Segment Start: TASK MATERIAL

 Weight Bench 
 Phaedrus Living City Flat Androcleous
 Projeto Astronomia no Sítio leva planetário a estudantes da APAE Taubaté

Segment End: TASK MATERIAL
Segment Start: TASK MATERIAL

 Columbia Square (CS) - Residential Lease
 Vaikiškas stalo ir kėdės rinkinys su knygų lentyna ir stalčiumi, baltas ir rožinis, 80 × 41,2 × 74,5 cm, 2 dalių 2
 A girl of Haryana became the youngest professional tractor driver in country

Segment End: TASK MATERIAL
Segment Start: TASK MATERIAL

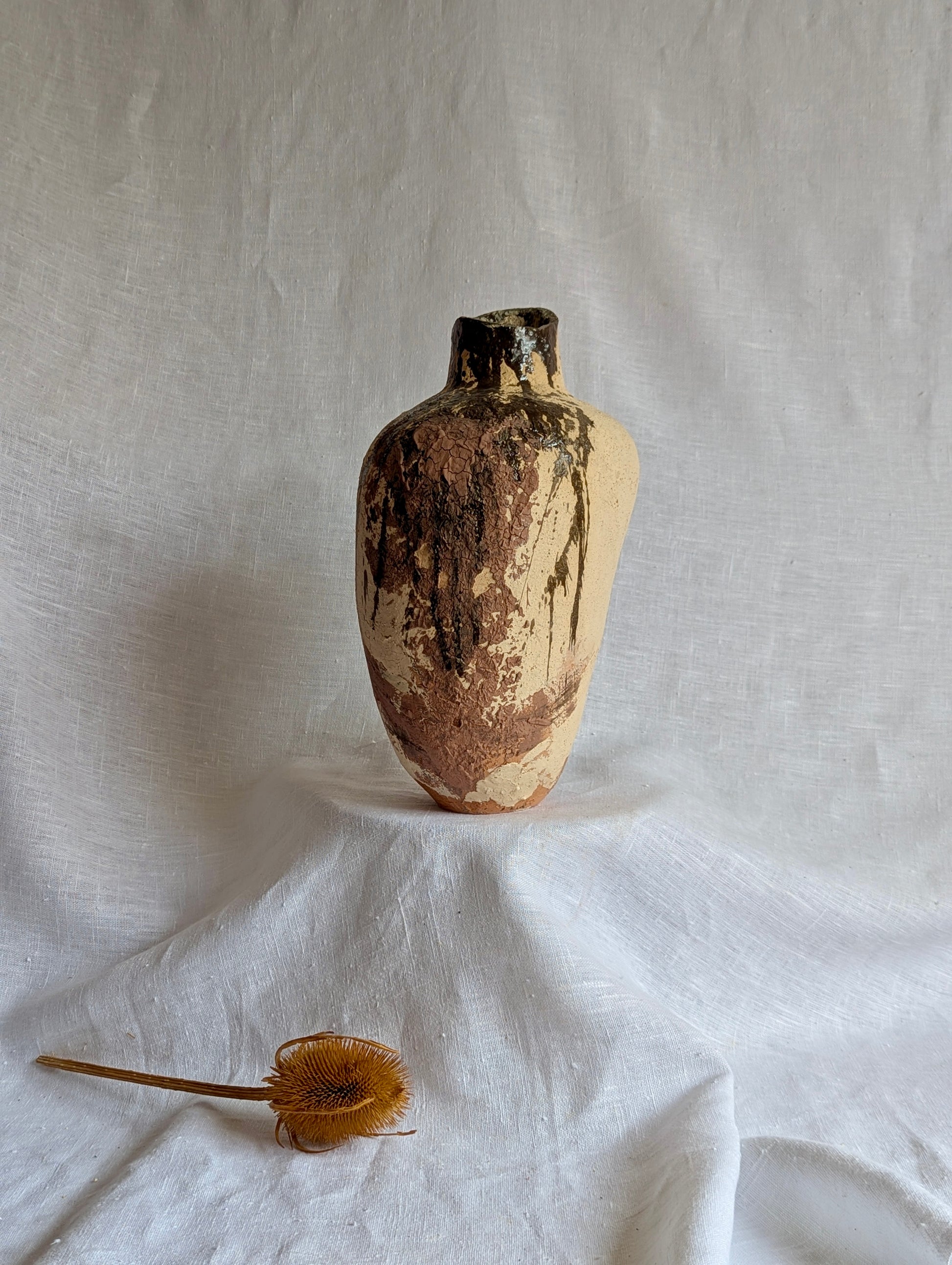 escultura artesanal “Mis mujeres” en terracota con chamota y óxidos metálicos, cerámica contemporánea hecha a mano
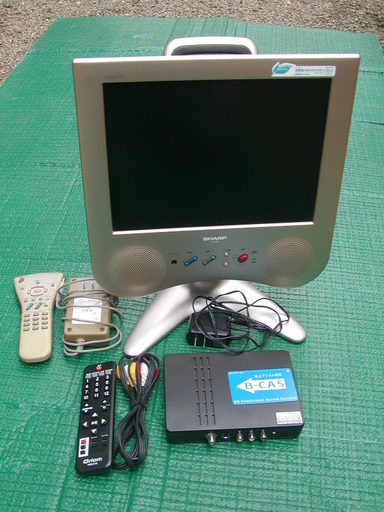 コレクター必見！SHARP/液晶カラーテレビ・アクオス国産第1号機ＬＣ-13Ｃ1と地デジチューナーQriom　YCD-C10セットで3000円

Segment End: TASK MATERIAL

**EXERCISE DESCRIPTION:** In the listing above, transcribe exactly everything from the line containing "Vaikiškas stalo ir" down to the line containing "A girl of Haryana", including both and nothing more.

**THE ANSWER:**
 Vaikiškas stalo ir kėdės rinkinys su knygų lentyna ir stalčiumi, baltas ir rožinis, 80 × 41,2 × 74,5 cm, 2 dalių 2
 A girl of Haryana became the youngest professional tractor driver in country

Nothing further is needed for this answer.